The protocol can be extended in several ways, a few of which are illustrated in the following example. We'll be extending this trivial protocol definition:
(* this is a comment (* and this a nested comment *) *)
message user = {
id : int;
name : string;
}
Suppose we find out some time later we also need the email and the age:
message user = {
id : int;
name : string;
email : string;
age : int
}
Adding new fields this way means that older readers can consume data from new producers. If we also want new consumers to read old data, they have to cope with the possibility that the new fields be missing, by using default values for them (the easiest way to do so is to use disjoint unions, aka. sum types, as explained below). For now, let's keep things simple.

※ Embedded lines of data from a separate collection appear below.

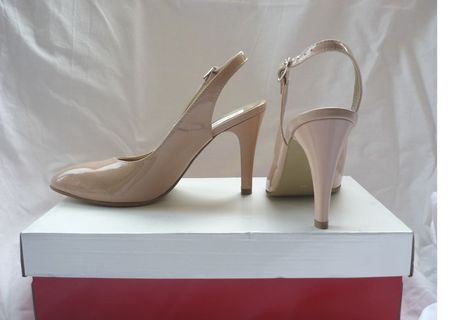 Pantofi stiletto nude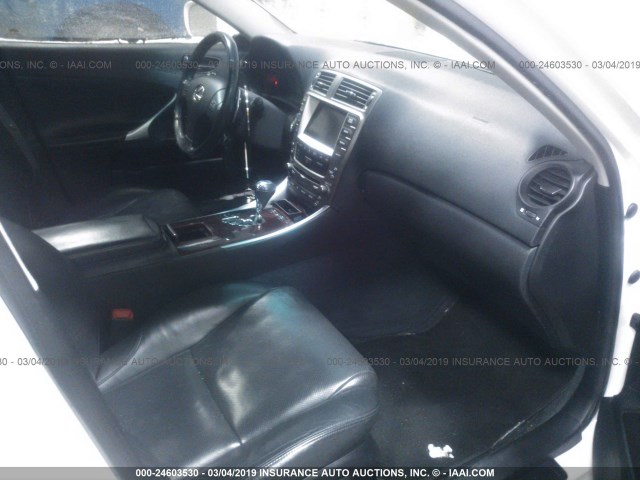 JTHBK262085065631 - 2008 LEXUS IS 250 WHITE photo 5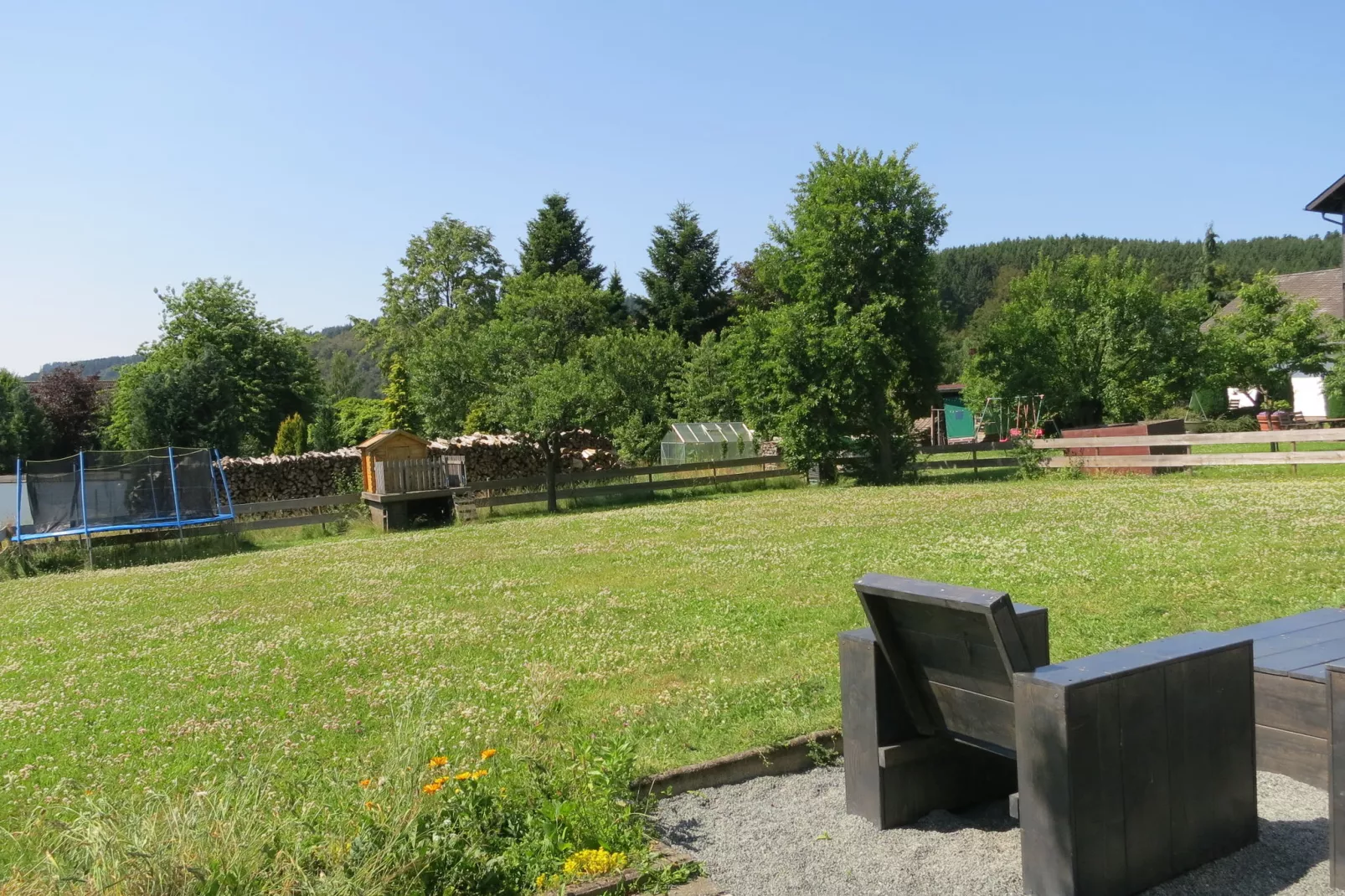 Liesen-Gardens summer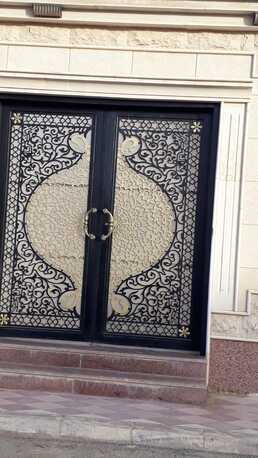 Riyadh, Construction, للحدادة و المونيم،الذجاج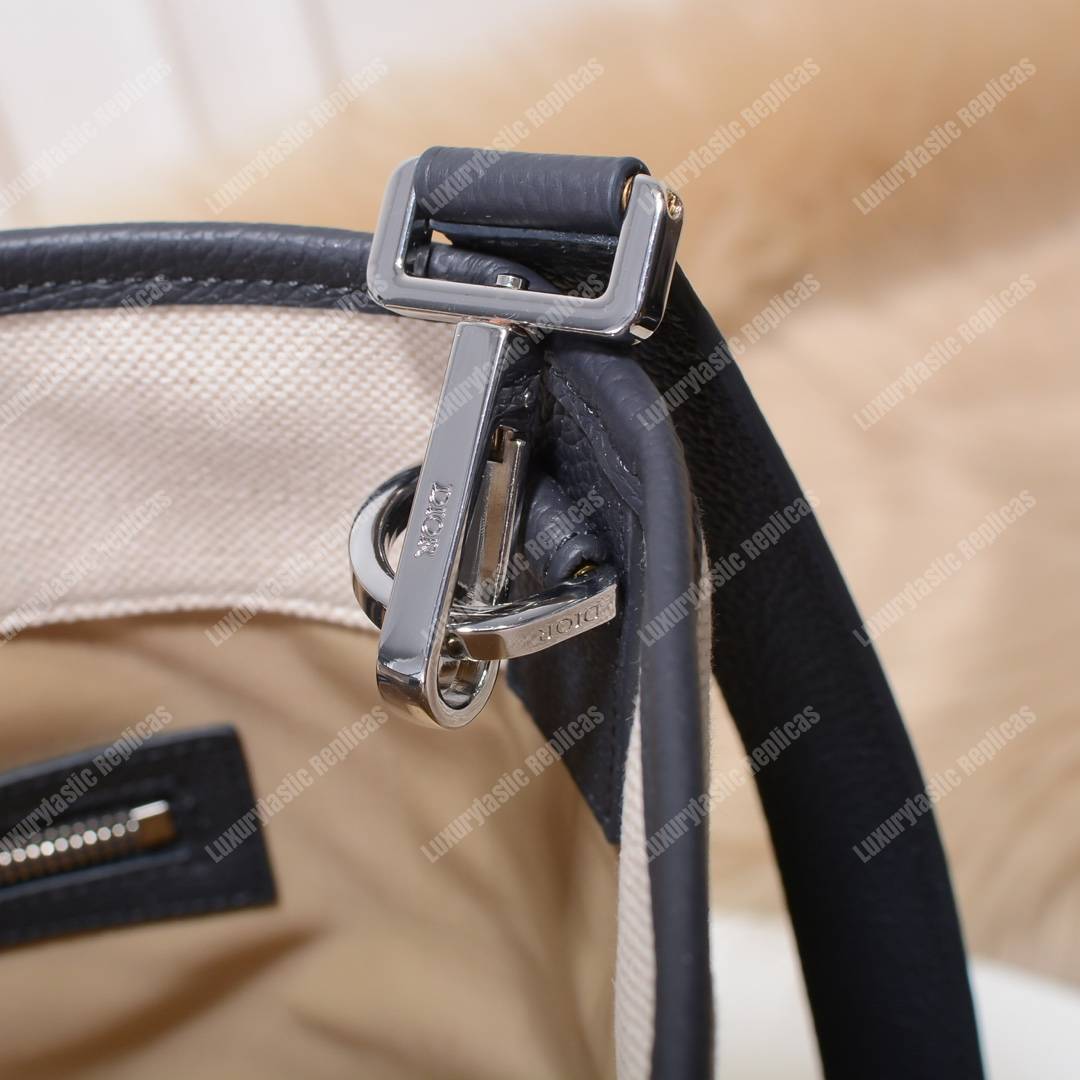 D*or homme oblique voyage tote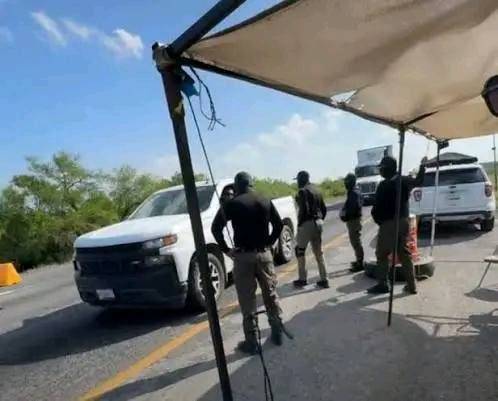 Denuncian presuntos robos y abusos en retenes no oficiales en Sonora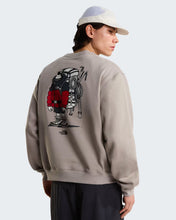 Carica l'immagine nel visualizzatore di Gallery, THE NORTH FACE Felpa Gear Up Get Out con grafica unisex art.  NF0A8JB5 col. Stone Slab
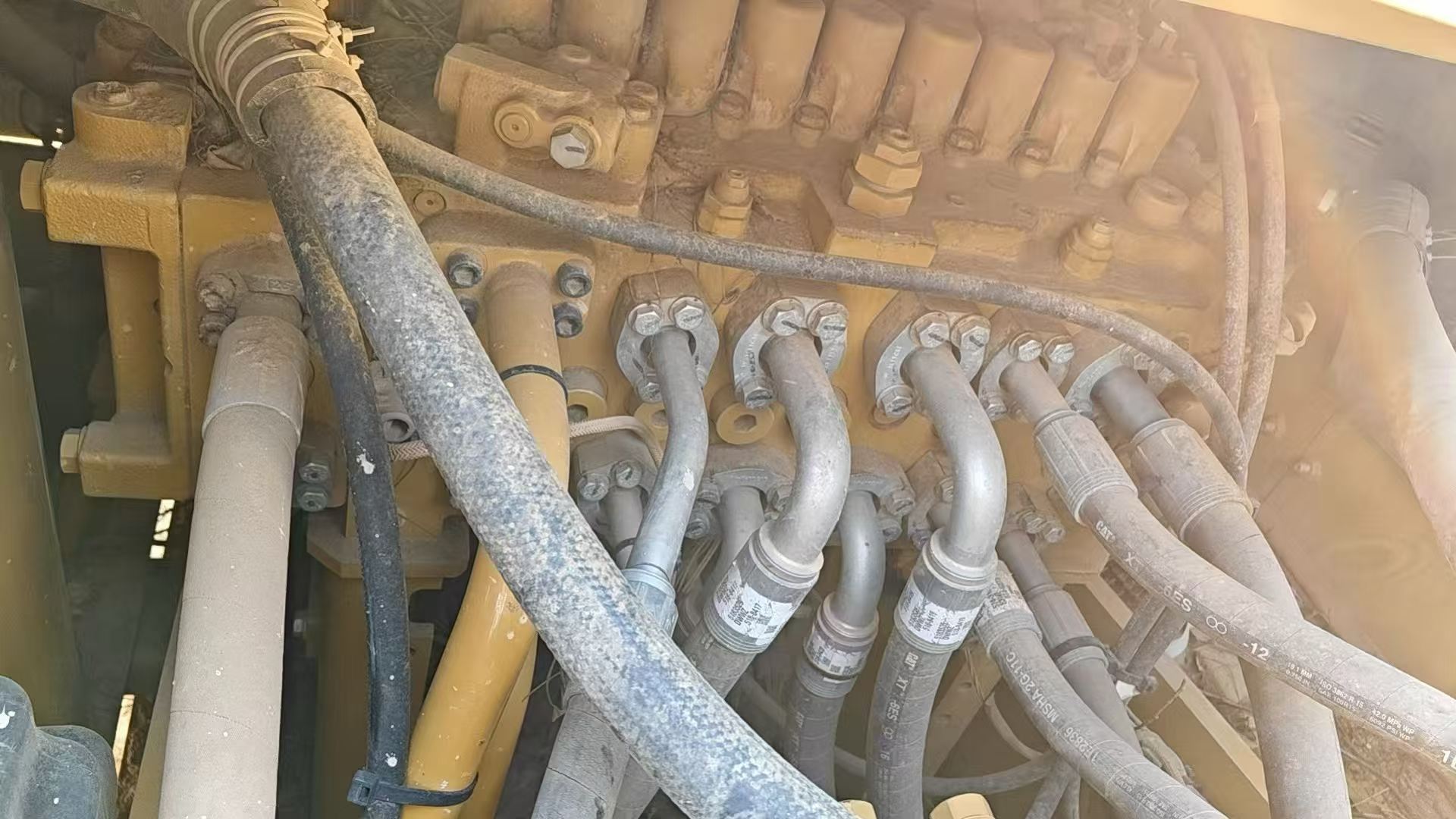 Buy Caterpillar 320A Used Excavator / 5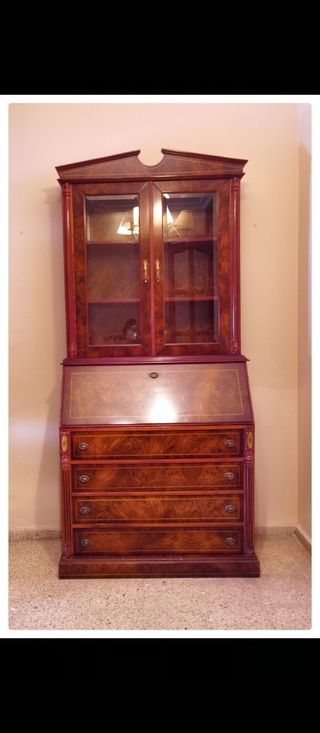 Escritorio antiguo de madera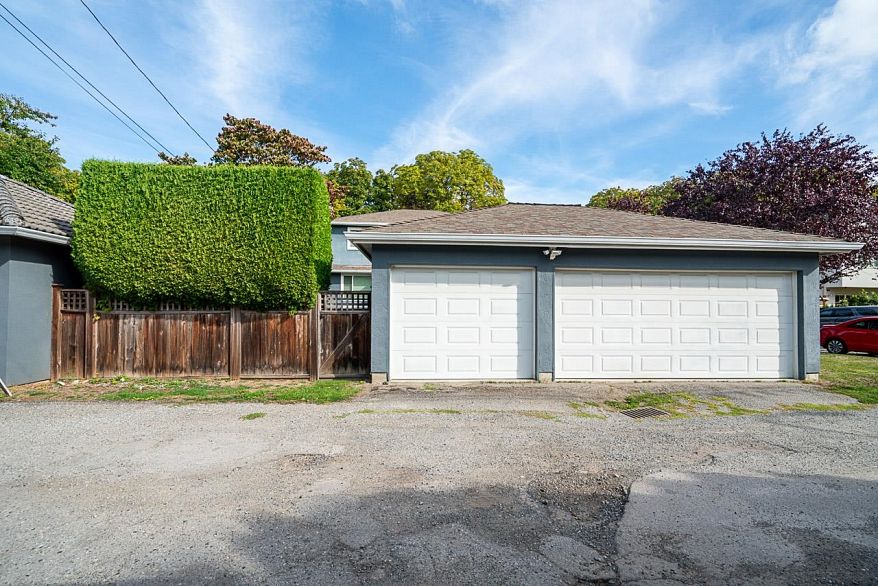 2308 W 14th Avenue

Then we realize that all users have at least an email, but maybe more, so we extend the message again:
message user = {
id : int;
name : string;
email : (string * [string]); (* at least one email, maybe more *)
age : int
}
The email field is now a tuple with two elements, the first one being a string, and the second one a list of strings that might be empty (in this case, the user has got only one email).
Imagine our application has got several user types:
- free user
- paying user: we also want to record the end of the subscription period
This can be captured in the following type definition:
type date = float (* time in seconds since the start of the epoch *)
type user_type = Free | Paying date
(* could be written as Paying float *)
message user = {
id : int;
name : string;
emails : (string * [string]); (* at least one email, maybe more *)
age : int;
user_type : user_type
}
That's not all: we then decide that all users qualify for a discount rate one time starting from now.
(* whether we will offer a discount rate in the next renewal *)
type discount = Yes | No
type user_type = Free | Paying date discount
(* same user definition as above *)
Old records of paying users have no discount element in their user_type field, so the value will default to "Yes" when it is read by new consumers --- if we wanted it to be "No" by default, we'd simply have to define the discount type as
type discount = No | Yes
After a while, we have several message definitions, and realize that the "at least one" pattern happens often. We can use a polymorphic type to avoid having to type "(x * [x])" again and again:
type one_or_more 'x = ('x * ['x])
message user = {
id : int;
name : string;
emails : one_or_more<string>;
age : int;
user_type : user_type;
}
Going back to the first extension we did, disjoint unions allow us to know when a field is missing and to handle that case.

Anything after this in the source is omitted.